Citant des personnes ayant connaissance des transactions, un article de Bloomberg rapporte que Morgan Stanley aurait ainsi traité pour environ 13 milliards de dollars d’actions (principalement Farfetch, Discovery, Baidu et GSX Techedu), tandis que Goldman Sachs aurait vendu pour 6,6 milliards de dollars d’actions de Baidu, Tencent Music Entertainment Group et Vipshop Holdings avant l’ouverture du marché aux États-Unis. Ces opérations auraient par ailleurs été suivies par la vente de 3,9 milliards de dollars de titres ViacomCBS et iQiyi, selon des informations obtenues par Bloomberg, portant le montant des ventes à près de 24 milliards de dollars.

Ces opérations ont participé au fort repli des actions concernées. Les sociétés ViacomCBS et Discovery ont ainsi plongé d’environ 27% vendredi tandis que les entreprises chinoises Baidu et Tencent ont perdu jusqu’à 15% et 21% en séance avant de se reprendre et de terminer près de l’équilibre.

Crédit Suisse et Nomura évoquent des « pertes importantes »

Sans mentionner Archegos, la banque suisse a prévenu lundi qu’il était en train de déboucler certaines positions après qu’un fonds a manqué à répondre à ses appels de marge. « Bien qu’il soit pour l’instant prématuré de quantifier l’ampleur exacte de la perte résultant de cette sortie, elle pourrait être très importante et significative pour nos résultats du premier trimestre » a averti Crédit Suisse, dont le titre coté à Zurich s’effondre de 13,5% vers 12h20. Autre banque affectée, la japonaise Nomura, qui a dévisse de 16,3% à Tokyo après avoir déclaré dans un communiqué qu’un client américain lui devait environ 2 milliards de dollars. « Le montant pourrait cependant devoir être réévalué, a-t-elle prévenu, en fonction de dénouement des transactions et fluctuations de marchés ».

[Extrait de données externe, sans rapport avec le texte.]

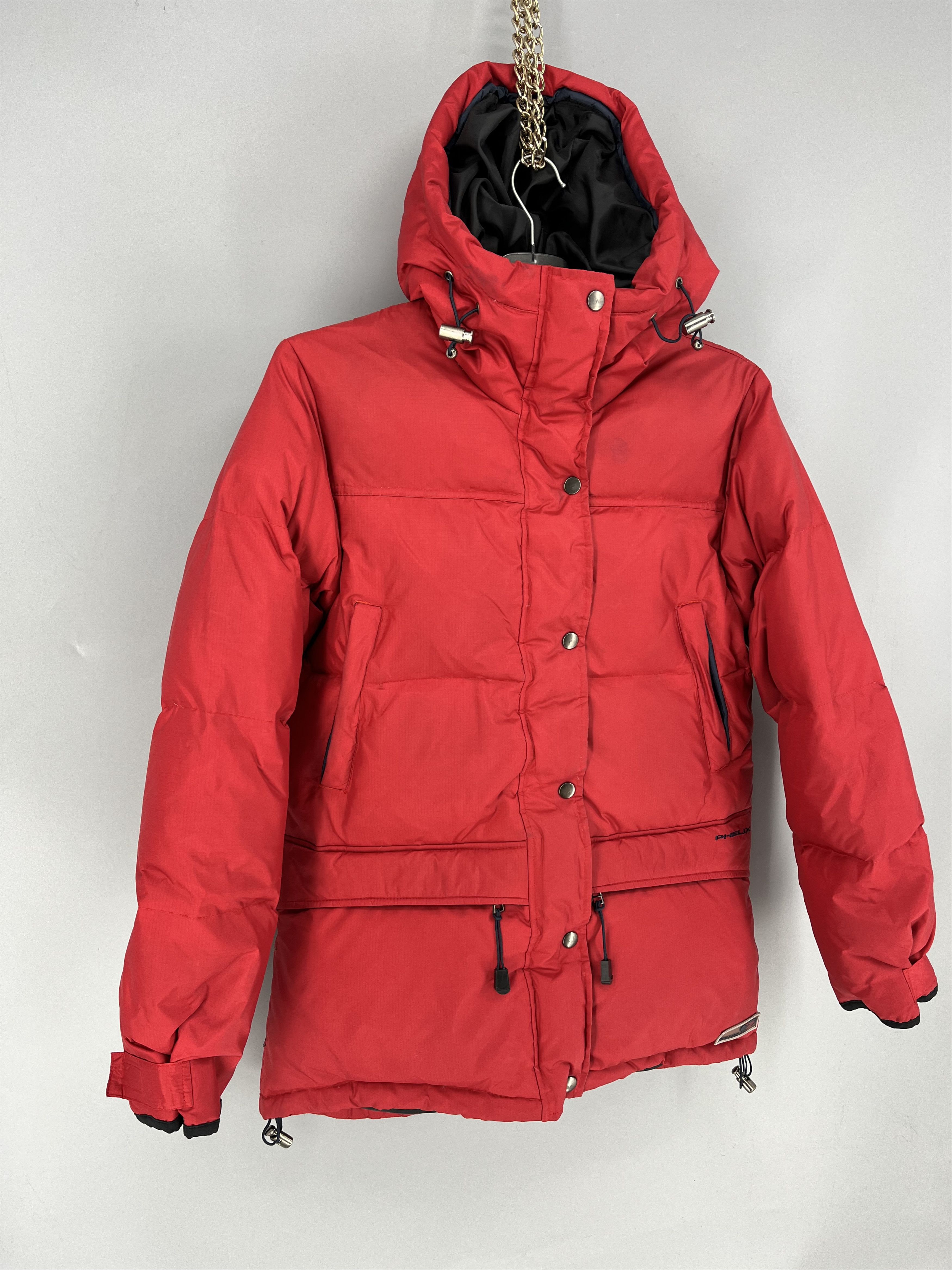 Phenix Phelix Red Puffer Jacket Hooded Vintage Y2K Size US S / EU 44-46 / 1 - 2 Thumbnail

D’autres banques, dont Goldman Sachs et Deutsche Bank, ont été impliquées vendredi dans des ventes de gros blocs d’actions, selon des sources qui se sont confiées à Bloomberg, mais la banque américaine estime que ses pertes seront « négligeables », car elle a été parmi les premières à réduire son exposition d’après ces mêmes sources. Les positions de la banque allemande, elles, ne représentaient « qu’une fraction de celle d’autres banques ». La Deutsche Bank n’avait « subi aucune perte [à ce stade] et était en mesure de gérer sa position ». Ce qui n’empêche pas le titre de lâcher plus de 4% à Francfort à la mi-journée.

Le risque de contagion se répercute sur l’ensemble des valeurs bancaires, Société Générale et BNP Paribas cédant respectivement 1,8 et 1,7% à Paris à la mi-journée.

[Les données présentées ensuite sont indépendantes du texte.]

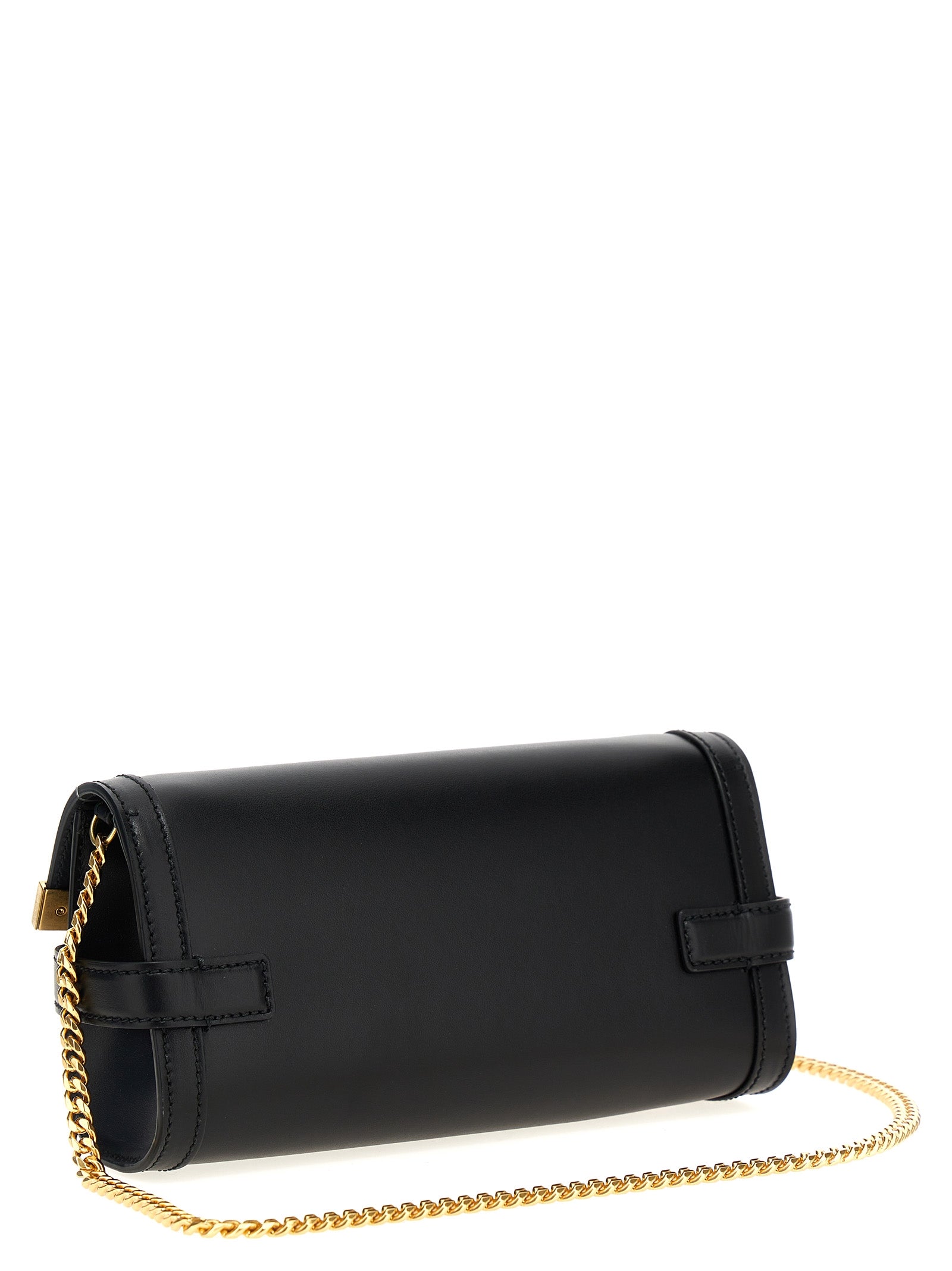 Balmain Black Calfskin Clutch Women's Bag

Le gros des ventes terminé ?

La question est désormais de savoir si le risque est contenu ou si d’autres déflagrations sont à attendre. Certains traders estiment que le schéma des « ventes de bloc » récentes, qui ont duré plusieurs jours mais ont atteint un pic vendredi, suggère que le gros des ventes est terminé. D’autres, au contraire, pensent que l’ampleur de l’effet de levier qu’Archegos semble avoir utilisé signifie que des milliards de dollars de positions pourraient encore être vendus.

S’ils prévoient un sursaut de la volatilité dans un contexte de valorisations toujours tendues, les experts excluent néanmoins à ce stade l’hypothèse d’une vaste contagion. « Les banques centrales ont tellement besoin de la stabilité financière pour atteindre leurs objectifs que je ne pense pas que cela puisse dégénérer en crise systémique », a ainsi expliqué à Reuters Alexandre Baradez, responsable des analyses marchés chez IG France.

À noter qu’Archegos est un « family office » qui gère ses propres fonds, notamment composés de la fortune de Bill Hwang – ancien « Tiger cub » – littéralement « petits tigres », du nom des très nombreux anciens gérants du légendaire fonds spéculatif Tiger Management de Julian Robertson qui ont fondé leur propre « hedge fund », parmi lesquels on peut citer Ole Andreas Halvorsen, Stephen Mandel, Chase Coleman ou encore le Français Philippe Laffont, tous milliardaires.